Cash-strapped councils’ spending on support for home-educated pupils has soared by 73 per cent in six years, but some local authorities have no dedicated staff dealing with the issue at all.

The findings are a further sign of the uphill battle faced by the new government to rebuild support services around schools after years of austerity.

Council home education teams monitor children’s progress and advise on issues like exam entries and curriculum resources.

Freedom of Information Act data suggests council spending on home education support ballooned to £20.5 million last year, up from £11.8 billion in 2018-19.

Some councils employ large teams, but others have no dedicated staff.

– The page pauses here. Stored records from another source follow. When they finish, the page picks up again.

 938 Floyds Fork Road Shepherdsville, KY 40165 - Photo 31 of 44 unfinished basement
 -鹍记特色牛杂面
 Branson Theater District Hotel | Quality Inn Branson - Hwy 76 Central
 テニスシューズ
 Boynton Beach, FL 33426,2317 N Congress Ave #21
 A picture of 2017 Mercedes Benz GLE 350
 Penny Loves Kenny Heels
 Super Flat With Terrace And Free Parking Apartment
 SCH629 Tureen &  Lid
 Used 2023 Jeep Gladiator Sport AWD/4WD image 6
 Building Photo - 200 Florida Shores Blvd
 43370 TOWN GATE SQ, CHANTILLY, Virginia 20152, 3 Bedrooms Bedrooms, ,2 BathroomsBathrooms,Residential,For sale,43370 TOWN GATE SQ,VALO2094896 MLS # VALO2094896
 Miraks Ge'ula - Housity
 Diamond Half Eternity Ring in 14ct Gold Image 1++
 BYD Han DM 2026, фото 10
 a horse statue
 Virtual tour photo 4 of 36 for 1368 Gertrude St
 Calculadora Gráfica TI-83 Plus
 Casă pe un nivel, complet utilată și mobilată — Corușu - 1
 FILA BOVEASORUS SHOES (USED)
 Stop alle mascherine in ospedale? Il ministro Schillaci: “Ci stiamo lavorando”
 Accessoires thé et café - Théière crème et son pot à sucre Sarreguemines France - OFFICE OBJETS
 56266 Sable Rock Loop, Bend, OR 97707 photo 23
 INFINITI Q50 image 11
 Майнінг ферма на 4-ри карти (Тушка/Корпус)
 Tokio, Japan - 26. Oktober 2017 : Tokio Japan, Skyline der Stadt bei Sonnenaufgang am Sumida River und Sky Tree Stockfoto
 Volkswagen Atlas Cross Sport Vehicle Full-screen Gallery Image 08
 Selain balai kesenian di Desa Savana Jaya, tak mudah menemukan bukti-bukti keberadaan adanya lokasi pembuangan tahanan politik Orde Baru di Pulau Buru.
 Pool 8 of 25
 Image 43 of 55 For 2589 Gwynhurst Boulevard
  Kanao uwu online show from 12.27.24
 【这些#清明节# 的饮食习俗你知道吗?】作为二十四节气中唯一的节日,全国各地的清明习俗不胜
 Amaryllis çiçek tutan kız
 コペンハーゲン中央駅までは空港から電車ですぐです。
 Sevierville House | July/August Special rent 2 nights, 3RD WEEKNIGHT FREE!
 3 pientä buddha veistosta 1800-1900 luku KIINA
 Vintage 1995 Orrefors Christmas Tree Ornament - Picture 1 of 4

And while the amount that councils spent on support rose 73 per cent between 2018 and 2024, the number of staff dedicated to home education increased by just 45 per cent.

The rate at which children left the classroom for home education doubled last year, driven in part by parents who believe that schools and the services around them are not meeting their children’s needs.

Many of Labour’s wider policies relating to children will be centred around schools, with new nurseries in spare primary classrooms, breakfast clubs and even supervised toothbrushing.

Its approach has been dubbed “SureStart 2.0”, named after the Tony Blair-era policy which saw children’s centres set up to support families of young children.

Parents ‘need that support’

But new ministers face having to rebuild capacity in council teams, too.

Wendy Charles-Warner, who leads the Education Otherwise charity, said parents were “very often at their wits’ end. They need that support.”

Council officers “do miracles on practically negligible budgets, cajoling outside agencies, twisting the arms of suppliers, begging, pleading and desperately trying to get resources. But that should not be how it works.”

Ed Dorrell, partner at Public First, said Labour would need to look at schools and external services together.

Ed Dorrell

“We need to essentially rebuild the whole set-up, the whole system of support for young people and families around schools.”

Earlier this year, a child safeguarding practice review panel found that children in home education had died or were abused because “the protective factor that school can offer was missing from their lives”.

Just ‘one or two part-time staff’

The review found that council home education teams “can lack necessary capacity and safeguarding knowledge”.

Some teams had just “one or two part-time staff”. A lack of funding was “a significant issue”.

In Derbyshire, the number of staff providing home education support has almost doubled from 10 in 2018 to 19 today. But the council now spends around 30 per cent less.

Of 53 councils that supplied full figures, 10 had one or fewer full-time home education staff last year. Some councils had none.

Portsmouth said it would “welcome additional ring-fenced funding to support this area of our work”.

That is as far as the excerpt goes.